Ometepec, Guerrero, Mexico - Mexican officials were assessing collateral damage Wednesday, a day after a strong 7.4 magnitude earthquake left homes in ruins and rattled residents as far as 200 miles away from the epicenter, 15 miles east of Ometepec. Broken tiles and pieces of buildings fell onto sidewalks as far away as Mexico City.
At least 11 people were injured, and hundreds of houses were damaged during the quake and the more than 40 subsequent aftershocks, some registering up to 5.0, that continued up to 12 hours later. Many people, fearing aftershocks, said they slept outdoors overnight.
Workers and residents gather at the Angel de la Independencia square after evacuating during a 7.9 earthquake in Guerrero on Tuesday. |
Damage from the earthquake was also suffered in Oaxaca state, which borders Guerrero, and nine of the eleven injuries occurred there. The other two injuries were in Mexico City, including the driver of a minibus that was hurt when a pedestrian bridge collapsed there.
Experts surveyed cracks in walls, roads, and twisted train lines in central and southern areas of Mexico.
Photos showed Nurses tending to patients in a parking lot next to a hospital building that was damaged by the earthquake, and also showed residents from some of the hardest-hit areas surveying the rubble where their adobe homes once stood.

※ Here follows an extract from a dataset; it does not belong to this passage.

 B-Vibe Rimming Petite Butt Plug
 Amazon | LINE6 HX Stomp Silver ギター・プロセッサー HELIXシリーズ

In the capital, Elias Moreno Brizuela, director of the Mexico City's civil protection services reported, "The urban infrastructure of the city perfectly supported the earthquake. As of now, we've seen no structural damage, although about 300,000 people on the south side of the city were without water after the quake damaged two aqueducts."
The quake was one of the strongest to shake the capital since 1985, when an 8.1 magnitude temblor left between 6,000 and 30,000 injured or dead, according to officials and rescue organizations respectively.
There have been 15 earthquakes of magnitude 7 or stronger since 1973 within 310 miles of Tuesday's quake. Mexico City is built on volcanic ash and clay and is particularly vulnerable to temblors.
Although all the damage reports vary, Guerrero state governor Angel Aguirre said that approximately 1,600 houses in the region had been damaged by Tuesday's earthquake, but no deaths had been reported.